Because of availability around here, I have to use shavings; I try to use the light and fluffy shavings because the poop tends to sink down below the top level. I know I end up using more because it is hard to sift through it so you tend to pick up a lot of shavings when you pick up manure and pee. I get grossed out seeing piles of manure in a stall, so I bed with 8" - 12" of shavings which make the the stalls also labor intensive to muck out.
Since I only have 5 horses, the time and cost is not that much more. I might think differently if I had a large boarding barn.
I still have a stash of straw which I take to horse shows. A stall can be bedded deeply with 1+ bales; it makes preparing a stall much easier and quicker, which matters when your horse is standing on the trailer, waiting to be unloaded.
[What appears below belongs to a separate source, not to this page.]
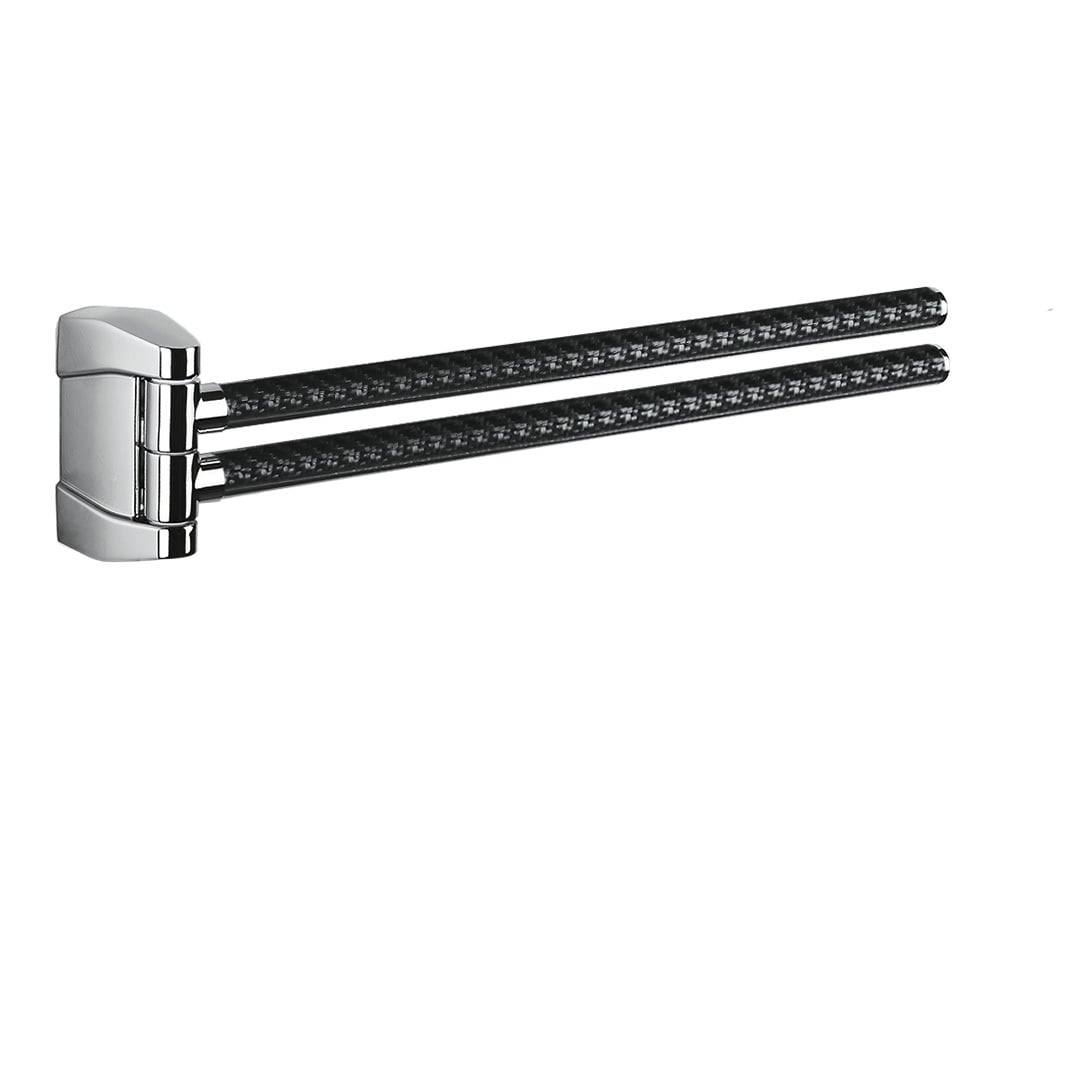 CB - ROAD B8012 - Držiak na uteráky dvojitý 36 cm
Not a straw fan. All that digging down for pee spots. I find many miss doing a seriously good job of this.
[QUOTE=ThisTooShallPass;7999396]
You find digging down through all that straw easier for pee spots?[/QUOTE]
I am going to answer for TR ----- With a straw fork you do not have to dig down. You lift and toss, lift and toss. And when you get to the pee, you pull some dry straw over to the wet and roll and pull, roll and pull until the dry straw has sucked up whatever pee the wet straw has not absorbed.
Mucking straw is a whole different set of motions than mucking shavings. When I first moved to NC and had to switch to shavings, I had to ask for a lesson in mucking. I felt pathetic, but I could not get the hang of it on my own.
Our boarding barn uses shavings topped with about 24 " of chopped straw. Works great…stalls are dry and always fluffy. They always look really clean too. They take a while to get used to mucking and there is a lot more bedding thrown out…but it breaks down and can be spread on fields easier than straight shavings.
I think it’s very much a regional thing. I’ve had horses in Ontario and Alberta, and have shown in Florida over the winters. I’ve never been at a barn that used straw, only shavings and flax.
There is a mill within an hour of my parents who will give them free 40yard bins of shavings, they just have to pay for the truck. That’s where most of the barns in the area get their bedding. If any of them wanted straw, flax, pellets, etc they would have to get it from somewhere 2-3 hours away.
The only place I see straw used locally is for mares and foals and it is swapped out for sawdust as soon as possible. I did use straw last winter when it dropped below zero and I couldn’t clean some stalls. Like the poop and pee was frozen to the ground. We threw straw over it, picked, threw more straw over, picked, etc. Eventually it climbed above freezing and the stalls were stripped.